Philosopher Joshua Greene studied moral decision-making using trolley problems. In both scenarios, five lives are saved by sacrificing one. Yet people typically approve of diverting a trolley to kill one person but disapprove of pushing someone onto the tracks. Greene's brain imaging showed the pushing scenario activated emotional centers more strongly. He concluded that moral intuitions arise from separate cognitive systems—one calculating outcomes, another responding to direct physical harm—that don't always align.

3
reading

It can be inferred from the text that

A

all moral decisions should be made purely through utilitarian calculation

B

moral intuitions may arise from multiple cognitive systems that can produce conflicting responses

C

the trolley problem scenarios are completely identical in all respects

D

emotional responses play no role in moral judgment

Correct Answer: B

Choice B is the best answer. The passage describes how different cognitive systems produce conflicting moral responses.

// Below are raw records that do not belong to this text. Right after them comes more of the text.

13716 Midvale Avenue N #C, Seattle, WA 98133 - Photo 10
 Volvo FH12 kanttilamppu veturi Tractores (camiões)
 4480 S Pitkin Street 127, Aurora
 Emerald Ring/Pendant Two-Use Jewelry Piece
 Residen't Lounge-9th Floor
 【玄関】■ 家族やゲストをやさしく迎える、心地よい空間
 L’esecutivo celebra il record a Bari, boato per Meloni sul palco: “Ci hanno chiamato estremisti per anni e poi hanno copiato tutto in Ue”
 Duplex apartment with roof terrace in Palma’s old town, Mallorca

  1. Context clues: "Separate cognitive systems" that "don't always align" produce different responses to similar situations.
  2. Meaning: Multiple systems generating different outputs explains the inconsistent judgments.
  3. Verify: The trolley vs. pushing distinction shows systems can conflict.

💡 Strategy: Connect specific findings to broader implications about how the mind works.

Choice A is incorrect because emotional responses override calculation in the footbridge case. Choice C is incorrect because they receive "different responses" despite identical trade-offs. Choice D is incorrect because the pushing scenario "activated emotional centers more strongly."